BREBES – Kepolisian Resor (Polres) Brebes memberikan klarifikasi resmi terkait penanganan laporan dugaan tindak pidana perkosaan yang dilaporkan oleh seorang perempuan berinisial FD (19 tahun). Korban merupakan pedagang dan warga salah satu desa di Kecamatan Bantarkawung, Kabupaten Brebes. Sementara itu, terduga pelaku diketahui berinisial Y.A.R. (20 tahun), berprofesi sebagai karyawan swasta, dan berdomisili di wilayah Kecamatan Bumiayu, Kabupaten Brebes.
Kasus ini dilaporkan ke kepolisian sebagai dugaan tindak pidana perkosaan sebagaimana diatur dalam Pasal 473 Undang-Undang Nomor 1 Tahun 2023 tentang Kitab Undang-Undang Hukum Pidana (KUHP). Peristiwa yang dilaporkan diketahui terjadi di sebuah hotel di wilayah Purwokerto Timur, Kabupaten Banyumas, namun laporan resmi diterima dan ditangani oleh pihak Polres Brebes.
Menanggapi pertanyaan publik yang berkembang, khususnya terkait proses Berita Acara Pemeriksaan (BAP) terhadap korban yang disebut-sebut terhambat atau dipersulit, Kasat Reskrim Polres Brebes memberikan penjelasan tegas bahwa laporan tersebut telah ditindaklanjuti sepenuhnya sesuai prosedur hukum yang berlaku.
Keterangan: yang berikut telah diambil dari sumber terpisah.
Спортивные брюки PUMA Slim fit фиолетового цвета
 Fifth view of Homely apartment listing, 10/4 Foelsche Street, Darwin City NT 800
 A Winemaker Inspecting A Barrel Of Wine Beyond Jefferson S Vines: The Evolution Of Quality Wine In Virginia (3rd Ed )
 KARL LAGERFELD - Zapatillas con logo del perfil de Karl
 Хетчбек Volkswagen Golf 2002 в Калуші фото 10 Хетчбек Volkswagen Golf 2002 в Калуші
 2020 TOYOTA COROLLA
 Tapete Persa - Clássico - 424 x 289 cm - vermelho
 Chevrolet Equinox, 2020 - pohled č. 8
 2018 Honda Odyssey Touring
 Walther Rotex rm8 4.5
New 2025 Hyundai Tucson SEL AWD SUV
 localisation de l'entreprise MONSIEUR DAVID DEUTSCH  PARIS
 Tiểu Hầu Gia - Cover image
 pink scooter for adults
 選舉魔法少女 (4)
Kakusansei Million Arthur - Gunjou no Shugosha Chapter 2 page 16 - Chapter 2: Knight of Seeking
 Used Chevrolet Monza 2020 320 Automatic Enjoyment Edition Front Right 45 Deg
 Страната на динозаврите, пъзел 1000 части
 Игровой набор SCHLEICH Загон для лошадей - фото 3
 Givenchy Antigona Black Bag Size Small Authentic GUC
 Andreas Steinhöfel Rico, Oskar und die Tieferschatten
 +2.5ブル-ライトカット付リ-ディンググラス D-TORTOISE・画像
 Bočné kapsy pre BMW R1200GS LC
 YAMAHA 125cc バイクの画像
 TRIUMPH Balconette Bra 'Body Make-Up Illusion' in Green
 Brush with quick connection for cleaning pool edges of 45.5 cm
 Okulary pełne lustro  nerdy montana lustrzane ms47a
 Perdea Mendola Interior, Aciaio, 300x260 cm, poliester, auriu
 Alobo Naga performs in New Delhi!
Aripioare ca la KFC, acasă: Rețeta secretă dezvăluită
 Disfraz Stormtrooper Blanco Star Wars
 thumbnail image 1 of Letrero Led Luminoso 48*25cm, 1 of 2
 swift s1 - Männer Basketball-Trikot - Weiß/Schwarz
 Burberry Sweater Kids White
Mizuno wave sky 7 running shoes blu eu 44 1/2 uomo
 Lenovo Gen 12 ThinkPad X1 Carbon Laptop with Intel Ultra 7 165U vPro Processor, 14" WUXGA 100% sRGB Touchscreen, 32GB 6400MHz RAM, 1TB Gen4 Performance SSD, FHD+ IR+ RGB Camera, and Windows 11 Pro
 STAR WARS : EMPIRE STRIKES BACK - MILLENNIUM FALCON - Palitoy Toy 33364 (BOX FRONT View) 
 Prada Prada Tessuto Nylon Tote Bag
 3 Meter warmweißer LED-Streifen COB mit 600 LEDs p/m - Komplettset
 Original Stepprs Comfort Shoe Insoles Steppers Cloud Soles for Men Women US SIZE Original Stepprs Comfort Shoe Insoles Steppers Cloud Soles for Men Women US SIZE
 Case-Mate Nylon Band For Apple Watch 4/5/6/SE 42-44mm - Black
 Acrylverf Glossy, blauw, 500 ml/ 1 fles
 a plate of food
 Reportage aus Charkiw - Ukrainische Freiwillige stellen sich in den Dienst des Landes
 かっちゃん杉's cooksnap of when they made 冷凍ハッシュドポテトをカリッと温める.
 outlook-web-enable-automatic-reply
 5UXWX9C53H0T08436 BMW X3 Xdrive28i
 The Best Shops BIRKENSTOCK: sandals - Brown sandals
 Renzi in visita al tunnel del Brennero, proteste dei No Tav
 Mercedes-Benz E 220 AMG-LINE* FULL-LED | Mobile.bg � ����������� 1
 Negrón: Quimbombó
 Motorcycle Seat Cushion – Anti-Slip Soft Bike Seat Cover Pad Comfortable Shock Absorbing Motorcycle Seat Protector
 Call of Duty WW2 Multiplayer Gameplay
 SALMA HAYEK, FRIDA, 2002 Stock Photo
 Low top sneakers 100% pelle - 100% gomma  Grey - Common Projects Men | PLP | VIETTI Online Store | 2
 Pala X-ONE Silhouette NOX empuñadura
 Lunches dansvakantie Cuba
Dalam keterangannya pada Sabtu (6/6/2026), Kasat Reskrim menyampaikan bahwa sejak laporan diterima, tim penyidik telah menjalankan serangkaian langkah penyelidikan dan penyidikan. Langkah-langkah tersebut meliputi pemeriksaan terhadap pelapor, pengumpulan keterangan dari para saksi, serta upaya melengkapi berbagai alat bukti yang diperlukan untuk kepentingan pembuktian perkara.
Dijelaskan pula, dalam menangani perkara dugaan kekerasan seksual, penyidik wajib mengedepankan prinsip kehati-hatian. Hal ini dilakukan dengan senantiasa memperhatikan kondisi psikologis dan fisik korban, serta memastikan seluruh proses berjalan sesuai ketentuan hukum yang berlaku. Oleh karena itu, setiap tahapan pemeriksaan dilakukan secara profesional, bertujuan guna menjamin perlindungan maksimal terhadap korban sekaligus menjaga kualitas hasil penyidikan.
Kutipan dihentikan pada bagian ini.